Calma lá, calma lá: que sentido faz clonar um conhecido e popularíssimo astro de cinema como Bruce Lee para usar como AGENTE SECRETO? Bom, claro que isso acaba não fazendo muita diferença no filme, até porque os "clones" não saem assim tão parecidos com o verdadeiro Lee (o único que tem certa semelhança física é Dragon Lee). Onde já se viu clone sair diferente do original? Ah, deixa pra lá...

Além disso, em nenhum momento do filme qualquer um dos vilões desconfia estar diante de uma cópia de Bruce Lee, mesmo quando um dos clones é mandado para se infiltrar secretamente... num estúdio de cinema que está produzindo um filme de artes marciais!!!



Prontos os clones, que atendem pelos criativos nomes de Bruce Lee One (Dragon Lee), Bruce Lee Two (Bruce Le) e Bruce Lee Three (Bruce Lai, o menos parecido do trio), o cientista faz com que eles passem por uma bateria de treinamentos de artes marciais, para poderem lutar como o Bruce Lee original.
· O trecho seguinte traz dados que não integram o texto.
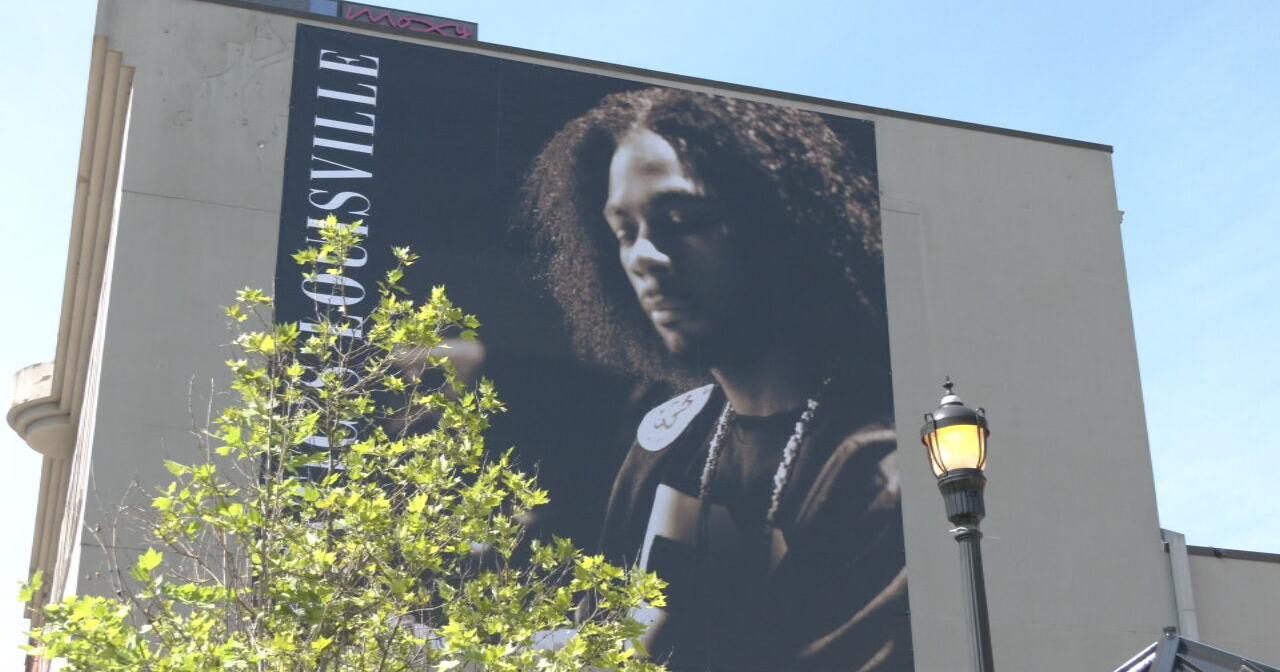 Hometown Hero banner unveiled for Static Major in downtown Louisville - Vimarsana News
E isso inclui aulas com Bolo Yeung, que foi aluno do verdadeiro Lee e chegou a lutar contra ele no filme "Operação Dragão".

Após o treinamento, os clones são enviados para missões que soam como episódios curtos dentro do filme. Bruce Lee One é o tal enviado como agente secreto para um estúdio de Hong-Kong, onde deve investigar um produtor chamado Chai Lo, que nas horas vagas é traficante de ouro. Lo acaba suspeitando do novato e pede que seus capangas dêem um fim nele. O diretor do filme dentro do filme sugere matá-lo diante das câmeras para depois faturar horrores de bilheteria - morbidamente, o filho do verdadeiro Bruce, Brandon Lee, morreu em frente às câmeras durante as filmagens de "O Corvo", nos anos 90! Mas é claro que Bruce Lee One está preparado e, após detonar todos os assassinos, acaba pessoalmente com Chai Lo, justo quando ele estava fugindo com seu ouro (um monte de tijolos comuns porcamente pintados com tinta dourada).
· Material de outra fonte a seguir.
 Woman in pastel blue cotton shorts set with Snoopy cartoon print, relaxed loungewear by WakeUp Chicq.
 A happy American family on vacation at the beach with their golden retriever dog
Corta para a segunda missão, agora com Bruce Lees Two e Three lutando juntos contra um cientista malvado chamado Dr. Nye (Dr. No, alguém?), que não apenas tem um harém particular de mulheres nuas, como ainda pretende dominar o mundo (começando pela Tailândia!!!) usando sua fórmula que transforma homens comuns em lutadores indestrutíveis feitos de bronze (no caso, um monte de figurantes de sunguinha e o corpo coberto com a tinta dourada que sobrou da pintura dos tijolos do segmento anterior).


Para ajudar os dois clones, entra em cena um outro agente do SBI chamado Chuck, que é interpretado também por um imitador de Bruce Lee, Bruce Thai. E, embora ele não apareça oficialmente como clone no filme, ironicamente o cara é o MAIS PARECIDO com o verdadeiro Bruce Lee dos quatro! Dá pra acreditar?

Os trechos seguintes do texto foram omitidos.